Monuments at the limit of the fertile trihedron. A note on extratemporal music and volumetric modelling sound synthesis

Article

Published on 19 avr. 2023 by francesco_vitale

What remains of music once time is removed from it? As paradoxical such a question may appear, its formulation may allow us to think deeper what music could really be – namely: something that was never meant to be simply listened to. If we suppress time, one could easily argue that we’re also suppressing the possibility of music itself; but, on the other hand, the absence of a temporal dimension opens the chance to discover a network of underlying structures that touches on the ultimate nature of musical composition (whatever this nature may be).
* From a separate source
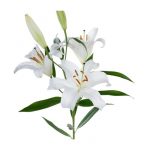 lily_oriental-white-2-600x600_1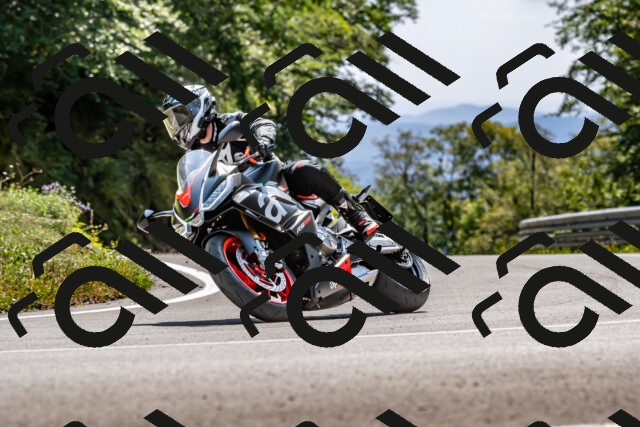 202509131429-DSC_9481_d2_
There we can recognize a system of relations that can be inspected and manipulated without caring about the ordering the unidirectionality of time inevitably imposes. The principal concern of this project will be thus to investigate the most radical implications of the notion of hors-temps, elaborated by architect and composer Iannis Xenakis (1922-2001) exactly to express that which, in the writing or in the analytical study of a musical piece, can always be thought without considering the “before” and “after” distinctions.

The hors-temps categoryconcerns that which in music is independent of temporal becoming. This is not at all a strange new feature in Western compositional practices, considering that it already has been rooted for centuries in its most elementary operations, such as transposition, repetition, retrogradation, inversion and retrograde inversion. A melody is based on a temporal order of notes, its notation on a spatial order. When we play a written melody, its spatial order is converted into the temporal order of the sounds. But if we want to transform further the melodic phrase with the said operations, we must take it again “outside time”, treating it like an oriented planar figure, where the set of notes goes forwards and backwards, ascends and descends without reference to time. So, the aforementioned manipulations rely not on a temporal order, but on a spatial one. Transposition withdraws the melody from time, treating it as a geometric profile of pitches to be subjected to a vertical translation; whereas repetition applies on it a horizontal translation; inversion flips it “upside down” with a horizontal reflection; retrogradation, operating also on onset rhythmic contours, mirrors it with a vertical reflection; while the retrograde inversion results in a 180° rotation of the starting material.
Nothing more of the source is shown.